One of the central intellectual tasks he set himself in Towards 2000 was to critique what he saw as the unholy combination of technological determinism and cultural pessimism. We have already seen how Williams dissected and de-mystified the category of technological determinism. His attack on cultural pessimism is first a comment on the way in which innovative forms of artistic achievement, whether labelled ‘modern’ or ‘post-modern’, have been subject to a process of incorporation, which among other things has led to the widely accepted notion of the ‘global village’ and which was presented as a necessary outcome of technological development. This masked the possibilities of a different social and cultural order:
‘What was being addressed was a real development of universal distribution and of unprecedented opportunities for genuine and diverse cultural exchange. What was ideologically inserted was a model of homogenised humanity consciously served from two or three centres: the monopolising corporations and the elite metropolitan intellectuals. One practiced the homogenisation, the other theorised it. Each found its false grounds in the technologies which had “changed and opened up the world, and brought it together”. But nothing in the technologies led to this theory or practice. The real forces which produced both, not only in culture but in the widest areas of social, economic and political life, belonged to the dominant capitalist order in its paranational phase. But this was the enemy that could not be named because its money was being taken’ (Towards 2000, op.cit. p.143).

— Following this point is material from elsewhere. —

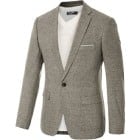 Sport-Coat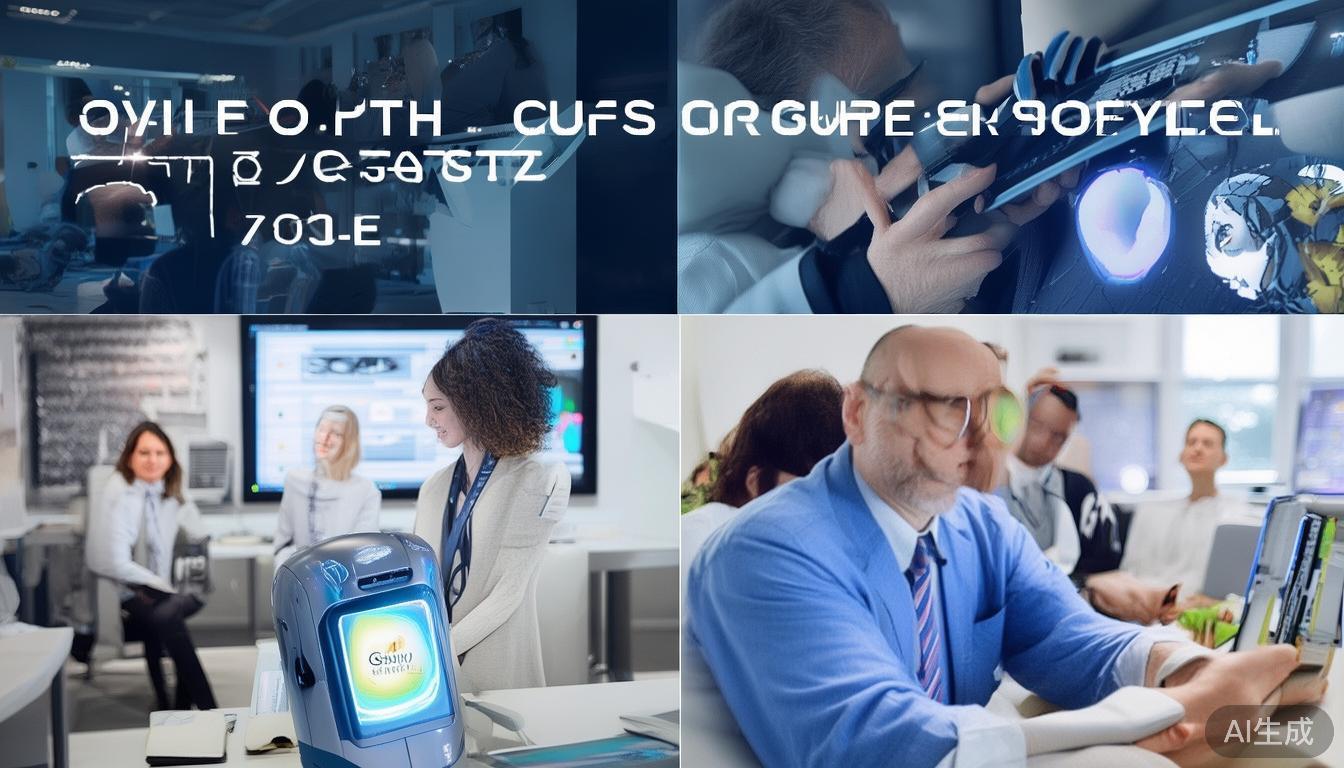 领航VPN客服不断优化服务流程，力求做到“用户第一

The strong implication from Williams’s analysis is that this combination, albeit based on a mistaken epistemology, is tied up with processes of globalisation that do not address the vast structural inequalities between North and South. These processes further sustain and promote the practice and threat of war and ravage the environment of the planet we inhabit. As we know, these processes have continued and accelerated since he wrote. Williams was in no doubt as to the seriousness of the situation. At the end of the book we find him writing about Plan X, a new politics of strategic advantage. This politics thinks about the future but it operates on an undercurrent of pessimism. While those engaged in this kind of politics may speak the language of ‘solutions’ or ‘stabilities’, and deploy the arts of public relations to expound this, their real politics is based on the acceptance of an indefinite continuation of extreme danger and crisis. We can remind ourselves that all this was written before 9/11 and the ‘war on terror’, before Kyoto and the present concerns over climate change, before the war in Iraq and its continuing repercussions. When he concluded that the social and cultural conditions for the adoption of Plan X, as the only possible strategy for the future, was very powerful indeed, he knew whereof he spoke. Against this he pointed to the social movements concerned with peace, the environment and feminism, grounded in a sense of our common humanity, as well as new activity in theatre, film, community writing and publishing. Slender though they may sometimes appear to be they do exist to challenge what now most controls and constrains us. The search for answers, hard answers, will be difficult and call for the exercise of individual and collective energy. We will need to call on our emotional and intellectual capacities. There is a learning, there is a sharing and there is a making of new possibilities. At the end of what is probably his most well known book, Culture and Society (1961) and after a different intellectual journey, Williams concludes with some words which we may choose to appropriate for our own times:

‘There are ideas, and ways of thinking, with the seeds of life in them, and there are others, perhaps deep in our minds, with the seeds of a general death. Our measure of success in recognizing these kinds, and in naming them making possible their common recognition, may be literally the measure of our future’ (Culture and Society 1961, p.324).